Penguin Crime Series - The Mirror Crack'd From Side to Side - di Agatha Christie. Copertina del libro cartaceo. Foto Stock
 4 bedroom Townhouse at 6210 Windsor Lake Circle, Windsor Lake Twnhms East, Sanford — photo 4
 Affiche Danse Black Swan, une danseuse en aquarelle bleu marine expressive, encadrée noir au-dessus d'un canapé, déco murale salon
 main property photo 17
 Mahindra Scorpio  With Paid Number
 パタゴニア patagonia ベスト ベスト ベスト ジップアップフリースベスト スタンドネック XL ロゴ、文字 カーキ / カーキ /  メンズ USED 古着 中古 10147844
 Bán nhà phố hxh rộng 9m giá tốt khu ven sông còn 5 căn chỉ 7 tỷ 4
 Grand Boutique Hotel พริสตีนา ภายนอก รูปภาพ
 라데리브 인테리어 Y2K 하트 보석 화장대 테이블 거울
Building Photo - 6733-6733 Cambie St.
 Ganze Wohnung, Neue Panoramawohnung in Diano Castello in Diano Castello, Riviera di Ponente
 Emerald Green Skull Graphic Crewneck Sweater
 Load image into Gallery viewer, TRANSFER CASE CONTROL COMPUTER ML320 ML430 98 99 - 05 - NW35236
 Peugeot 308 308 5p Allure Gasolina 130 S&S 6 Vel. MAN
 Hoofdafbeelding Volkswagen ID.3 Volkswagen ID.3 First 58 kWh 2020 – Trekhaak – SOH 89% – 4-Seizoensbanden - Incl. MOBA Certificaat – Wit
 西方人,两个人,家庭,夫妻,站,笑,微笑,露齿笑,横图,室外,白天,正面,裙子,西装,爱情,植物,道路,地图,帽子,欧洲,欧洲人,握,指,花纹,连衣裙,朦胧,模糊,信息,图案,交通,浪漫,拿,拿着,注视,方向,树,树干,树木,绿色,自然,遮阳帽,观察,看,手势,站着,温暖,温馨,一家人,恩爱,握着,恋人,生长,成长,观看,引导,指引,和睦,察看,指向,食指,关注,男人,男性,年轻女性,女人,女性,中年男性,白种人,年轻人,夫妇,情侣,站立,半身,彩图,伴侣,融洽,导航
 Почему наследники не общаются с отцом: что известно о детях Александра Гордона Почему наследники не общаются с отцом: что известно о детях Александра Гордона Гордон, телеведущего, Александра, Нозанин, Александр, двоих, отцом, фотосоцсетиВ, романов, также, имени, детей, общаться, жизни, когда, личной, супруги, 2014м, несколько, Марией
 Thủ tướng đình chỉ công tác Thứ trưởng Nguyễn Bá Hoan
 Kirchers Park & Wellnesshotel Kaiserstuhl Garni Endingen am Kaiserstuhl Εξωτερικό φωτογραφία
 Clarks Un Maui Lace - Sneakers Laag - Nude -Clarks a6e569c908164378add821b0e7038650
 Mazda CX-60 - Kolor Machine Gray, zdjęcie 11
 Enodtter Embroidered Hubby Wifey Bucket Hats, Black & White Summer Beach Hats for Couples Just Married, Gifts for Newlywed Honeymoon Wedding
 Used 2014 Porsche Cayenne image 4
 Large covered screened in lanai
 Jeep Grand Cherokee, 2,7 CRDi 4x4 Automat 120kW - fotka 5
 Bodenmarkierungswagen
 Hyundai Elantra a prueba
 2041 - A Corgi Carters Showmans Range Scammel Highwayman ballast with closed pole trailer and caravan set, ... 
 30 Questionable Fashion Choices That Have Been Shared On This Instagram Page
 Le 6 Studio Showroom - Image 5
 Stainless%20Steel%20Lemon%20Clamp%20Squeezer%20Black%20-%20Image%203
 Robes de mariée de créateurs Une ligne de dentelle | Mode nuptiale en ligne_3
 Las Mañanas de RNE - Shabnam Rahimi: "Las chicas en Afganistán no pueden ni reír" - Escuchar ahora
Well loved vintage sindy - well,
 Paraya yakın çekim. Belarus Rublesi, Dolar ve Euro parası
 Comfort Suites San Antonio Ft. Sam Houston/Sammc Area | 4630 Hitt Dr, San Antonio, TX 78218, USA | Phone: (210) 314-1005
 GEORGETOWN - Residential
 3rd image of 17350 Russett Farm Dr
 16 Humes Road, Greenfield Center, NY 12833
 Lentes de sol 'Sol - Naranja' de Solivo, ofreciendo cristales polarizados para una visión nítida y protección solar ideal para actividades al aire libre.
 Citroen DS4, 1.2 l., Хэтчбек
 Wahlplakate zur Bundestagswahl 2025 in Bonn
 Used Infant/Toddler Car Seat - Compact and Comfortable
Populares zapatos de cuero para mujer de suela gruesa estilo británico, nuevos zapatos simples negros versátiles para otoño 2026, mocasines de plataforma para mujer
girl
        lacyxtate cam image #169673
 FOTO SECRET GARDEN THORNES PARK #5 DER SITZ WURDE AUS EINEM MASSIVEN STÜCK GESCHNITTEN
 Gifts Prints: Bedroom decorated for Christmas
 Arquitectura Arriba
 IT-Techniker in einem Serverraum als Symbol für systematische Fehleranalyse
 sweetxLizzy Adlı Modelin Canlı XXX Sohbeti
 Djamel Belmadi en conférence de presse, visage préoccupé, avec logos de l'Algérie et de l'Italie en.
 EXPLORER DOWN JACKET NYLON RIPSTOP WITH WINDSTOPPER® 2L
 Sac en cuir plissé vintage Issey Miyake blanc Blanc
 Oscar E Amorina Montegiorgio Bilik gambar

-- WHAT TO DO --
Reproduce each record shown above without altering a single word.

-- EXERCISE RESULT --
Penguin Crime Series - The Mirror Crack'd From Side to Side - di Agatha Christie. Copertina del libro cartaceo. Foto Stock
 4 bedroom Townhouse at 6210 Windsor Lake Circle, Windsor Lake Twnhms East, Sanford — photo 4
 Affiche Danse Black Swan, une danseuse en aquarelle bleu marine expressive, encadrée noir au-dessus d'un canapé, déco murale salon
 main property photo 17
 Mahindra Scorpio  With Paid Number
 パタゴニア patagonia ベスト ベスト ベスト ジップアップフリースベスト スタンドネック XL ロゴ、文字 カーキ / カーキ /  メンズ USED 古着 中古 10147844
 Bán nhà phố hxh rộng 9m giá tốt khu ven sông còn 5 căn chỉ 7 tỷ 4
 Grand Boutique Hotel พริสตีนา ภายนอก รูปภาพ
 라데리브 인테리어 Y2K 하트 보석 화장대 테이블 거울
Building Photo - 6733-6733 Cambie St.
 Ganze Wohnung, Neue Panoramawohnung in Diano Castello in Diano Castello, Riviera di Ponente
 Emerald Green Skull Graphic Crewneck Sweater
 Load image into Gallery viewer, TRANSFER CASE CONTROL COMPUTER ML320 ML430 98 99 - 05 - NW35236
 Peugeot 308 308 5p Allure Gasolina 130 S&S 6 Vel. MAN
 Hoofdafbeelding Volkswagen ID.3 Volkswagen ID.3 First 58 kWh 2020 – Trekhaak – SOH 89% – 4-Seizoensbanden - Incl. MOBA Certificaat – Wit
 西方人,两个人,家庭,夫妻,站,笑,微笑,露齿笑,横图,室外,白天,正面,裙子,西装,爱情,植物,道路,地图,帽子,欧洲,欧洲人,握,指,花纹,连衣裙,朦胧,模糊,信息,图案,交通,浪漫,拿,拿着,注视,方向,树,树干,树木,绿色,自然,遮阳帽,观察,看,手势,站着,温暖,温馨,一家人,恩爱,握着,恋人,生长,成长,观看,引导,指引,和睦,察看,指向,食指,关注,男人,男性,年轻女性,女人,女性,中年男性,白种人,年轻人,夫妇,情侣,站立,半身,彩图,伴侣,融洽,导航
 Почему наследники не общаются с отцом: что известно о детях Александра Гордона Почему наследники не общаются с отцом: что известно о детях Александра Гордона Гордон, телеведущего, Александра, Нозанин, Александр, двоих, отцом, фотосоцсетиВ, романов, также, имени, детей, общаться, жизни, когда, личной, супруги, 2014м, несколько, Марией
 Thủ tướng đình chỉ công tác Thứ trưởng Nguyễn Bá Hoan
 Kirchers Park & Wellnesshotel Kaiserstuhl Garni Endingen am Kaiserstuhl Εξωτερικό φωτογραφία
 Clarks Un Maui Lace - Sneakers Laag - Nude -Clarks a6e569c908164378add821b0e7038650
 Mazda CX-60 - Kolor Machine Gray, zdjęcie 11
 Enodtter Embroidered Hubby Wifey Bucket Hats, Black & White Summer Beach Hats for Couples Just Married, Gifts for Newlywed Honeymoon Wedding
 Used 2014 Porsche Cayenne image 4
 Large covered screened in lanai
 Jeep Grand Cherokee, 2,7 CRDi 4x4 Automat 120kW - fotka 5
 Bodenmarkierungswagen
 Hyundai Elantra a prueba
 2041 - A Corgi Carters Showmans Range Scammel Highwayman ballast with closed pole trailer and caravan set, ... 
 30 Questionable Fashion Choices That Have Been Shared On This Instagram Page
 Le 6 Studio Showroom - Image 5
 Stainless%20Steel%20Lemon%20Clamp%20Squeezer%20Black%20-%20Image%203
 Robes de mariée de créateurs Une ligne de dentelle | Mode nuptiale en ligne_3
 Las Mañanas de RNE - Shabnam Rahimi: "Las chicas en Afganistán no pueden ni reír" - Escuchar ahora
Well loved vintage sindy - well,
 Paraya yakın çekim. Belarus Rublesi, Dolar ve Euro parası
 Comfort Suites San Antonio Ft. Sam Houston/Sammc Area | 4630 Hitt Dr, San Antonio, TX 78218, USA | Phone: (210) 314-1005
 GEORGETOWN - Residential
 3rd image of 17350 Russett Farm Dr
 16 Humes Road, Greenfield Center, NY 12833
 Lentes de sol 'Sol - Naranja' de Solivo, ofreciendo cristales polarizados para una visión nítida y protección solar ideal para actividades al aire libre.
 Citroen DS4, 1.2 l., Хэтчбек
 Wahlplakate zur Bundestagswahl 2025 in Bonn
 Used Infant/Toddler Car Seat - Compact and Comfortable
Populares zapatos de cuero para mujer de suela gruesa estilo británico, nuevos zapatos simples negros versátiles para otoño 2026, mocasines de plataforma para mujer
girl
        lacyxtate cam image #169673
 FOTO SECRET GARDEN THORNES PARK #5 DER SITZ WURDE AUS EINEM MASSIVEN STÜCK GESCHNITTEN
 Gifts Prints: Bedroom decorated for Christmas
 Arquitectura Arriba
 IT-Techniker in einem Serverraum als Symbol für systematische Fehleranalyse
 sweetxLizzy Adlı Modelin Canlı XXX Sohbeti
 Djamel Belmadi en conférence de presse, visage préoccupé, avec logos de l'Algérie et de l'Italie en.
 EXPLORER DOWN JACKET NYLON RIPSTOP WITH WINDSTOPPER® 2L
 Sac en cuir plissé vintage Issey Miyake blanc Blanc
 Oscar E Amorina Montegiorgio Bilik gambar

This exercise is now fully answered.